___ Record extracts ___

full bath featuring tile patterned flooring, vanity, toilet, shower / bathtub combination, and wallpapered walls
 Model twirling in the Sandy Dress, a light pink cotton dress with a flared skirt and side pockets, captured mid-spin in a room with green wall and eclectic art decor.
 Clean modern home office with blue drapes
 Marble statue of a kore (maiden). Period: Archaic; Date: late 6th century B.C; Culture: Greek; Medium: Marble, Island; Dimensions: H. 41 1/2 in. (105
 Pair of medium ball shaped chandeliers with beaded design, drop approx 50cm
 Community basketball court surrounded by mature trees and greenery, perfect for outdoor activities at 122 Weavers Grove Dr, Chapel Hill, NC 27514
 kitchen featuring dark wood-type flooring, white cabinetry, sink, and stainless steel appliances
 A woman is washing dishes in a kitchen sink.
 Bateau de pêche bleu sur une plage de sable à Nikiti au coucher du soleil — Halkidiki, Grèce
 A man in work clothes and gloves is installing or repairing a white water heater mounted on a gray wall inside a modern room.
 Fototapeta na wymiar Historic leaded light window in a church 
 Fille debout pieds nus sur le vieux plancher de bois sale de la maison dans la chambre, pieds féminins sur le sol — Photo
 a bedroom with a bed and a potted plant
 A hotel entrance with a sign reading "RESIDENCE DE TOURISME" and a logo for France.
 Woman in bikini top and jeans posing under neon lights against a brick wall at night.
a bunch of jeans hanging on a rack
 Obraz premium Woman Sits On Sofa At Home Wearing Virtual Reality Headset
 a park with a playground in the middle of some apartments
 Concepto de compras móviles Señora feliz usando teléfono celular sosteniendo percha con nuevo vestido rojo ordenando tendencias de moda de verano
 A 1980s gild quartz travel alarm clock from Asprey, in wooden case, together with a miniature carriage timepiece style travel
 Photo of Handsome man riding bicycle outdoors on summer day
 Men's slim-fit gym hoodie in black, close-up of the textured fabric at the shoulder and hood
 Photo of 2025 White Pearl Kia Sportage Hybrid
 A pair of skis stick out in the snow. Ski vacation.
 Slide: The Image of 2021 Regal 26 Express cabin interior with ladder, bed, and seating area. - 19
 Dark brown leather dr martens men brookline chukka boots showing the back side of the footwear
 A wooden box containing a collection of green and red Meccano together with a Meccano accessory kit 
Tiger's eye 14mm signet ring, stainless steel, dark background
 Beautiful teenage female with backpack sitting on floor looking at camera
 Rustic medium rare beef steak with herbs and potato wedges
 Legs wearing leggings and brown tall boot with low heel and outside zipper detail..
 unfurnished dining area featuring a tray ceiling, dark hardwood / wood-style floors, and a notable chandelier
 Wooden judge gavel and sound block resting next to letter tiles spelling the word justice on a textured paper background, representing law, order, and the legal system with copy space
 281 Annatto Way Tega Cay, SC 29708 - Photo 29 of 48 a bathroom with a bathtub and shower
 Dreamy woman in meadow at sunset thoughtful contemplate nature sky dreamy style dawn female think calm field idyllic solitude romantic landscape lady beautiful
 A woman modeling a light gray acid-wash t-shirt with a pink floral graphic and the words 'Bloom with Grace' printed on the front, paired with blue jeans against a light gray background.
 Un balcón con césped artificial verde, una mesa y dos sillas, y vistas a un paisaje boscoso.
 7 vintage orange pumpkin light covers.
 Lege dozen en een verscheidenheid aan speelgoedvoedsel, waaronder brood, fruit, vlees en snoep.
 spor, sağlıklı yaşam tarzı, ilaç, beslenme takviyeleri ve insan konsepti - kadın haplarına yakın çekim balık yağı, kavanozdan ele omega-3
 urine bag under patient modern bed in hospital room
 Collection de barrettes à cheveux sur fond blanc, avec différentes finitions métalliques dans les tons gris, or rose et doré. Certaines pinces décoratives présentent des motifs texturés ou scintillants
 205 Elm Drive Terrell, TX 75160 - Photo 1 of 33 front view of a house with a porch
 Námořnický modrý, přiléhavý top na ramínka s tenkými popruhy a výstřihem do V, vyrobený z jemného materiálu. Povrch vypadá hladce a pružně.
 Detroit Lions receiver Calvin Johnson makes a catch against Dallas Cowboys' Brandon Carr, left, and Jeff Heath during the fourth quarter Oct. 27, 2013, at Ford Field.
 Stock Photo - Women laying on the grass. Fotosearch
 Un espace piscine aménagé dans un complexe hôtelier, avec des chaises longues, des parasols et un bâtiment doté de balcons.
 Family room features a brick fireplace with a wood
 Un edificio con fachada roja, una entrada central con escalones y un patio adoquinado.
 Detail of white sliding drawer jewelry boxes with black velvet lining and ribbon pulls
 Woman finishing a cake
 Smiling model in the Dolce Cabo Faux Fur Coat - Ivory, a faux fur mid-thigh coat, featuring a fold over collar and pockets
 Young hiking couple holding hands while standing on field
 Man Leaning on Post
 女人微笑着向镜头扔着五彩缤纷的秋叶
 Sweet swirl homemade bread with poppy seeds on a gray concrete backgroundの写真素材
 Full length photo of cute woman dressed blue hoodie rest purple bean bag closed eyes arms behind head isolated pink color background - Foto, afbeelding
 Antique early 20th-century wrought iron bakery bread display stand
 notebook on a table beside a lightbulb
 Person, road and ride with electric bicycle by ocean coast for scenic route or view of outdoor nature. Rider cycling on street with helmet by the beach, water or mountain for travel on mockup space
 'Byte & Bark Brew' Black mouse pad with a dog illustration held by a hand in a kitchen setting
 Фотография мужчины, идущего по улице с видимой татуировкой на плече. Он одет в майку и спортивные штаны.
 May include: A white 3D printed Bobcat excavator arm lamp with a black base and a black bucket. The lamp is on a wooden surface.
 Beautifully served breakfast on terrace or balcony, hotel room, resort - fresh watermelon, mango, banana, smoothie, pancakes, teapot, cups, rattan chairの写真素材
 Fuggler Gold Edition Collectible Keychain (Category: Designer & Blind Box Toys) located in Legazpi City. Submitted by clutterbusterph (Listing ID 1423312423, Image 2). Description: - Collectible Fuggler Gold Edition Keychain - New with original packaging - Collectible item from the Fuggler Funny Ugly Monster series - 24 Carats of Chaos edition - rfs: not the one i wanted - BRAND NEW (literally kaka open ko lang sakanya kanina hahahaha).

___

[Instructions for the task] Starting at the first line of the data above, please restate word for word every line up to and including the one that holds "Pair of medium", and add nothing else.

[Solution to this exercise]
full bath featuring tile patterned flooring, vanity, toilet, shower / bathtub combination, and wallpapered walls
 Model twirling in the Sandy Dress, a light pink cotton dress with a flared skirt and side pockets, captured mid-spin in a room with green wall and eclectic art decor.
 Clean modern home office with blue drapes
 Marble statue of a kore (maiden). Period: Archaic; Date: late 6th century B.C; Culture: Greek; Medium: Marble, Island; Dimensions: H. 41 1/2 in. (105
 Pair of medium ball shaped chandeliers with beaded design, drop approx 50cm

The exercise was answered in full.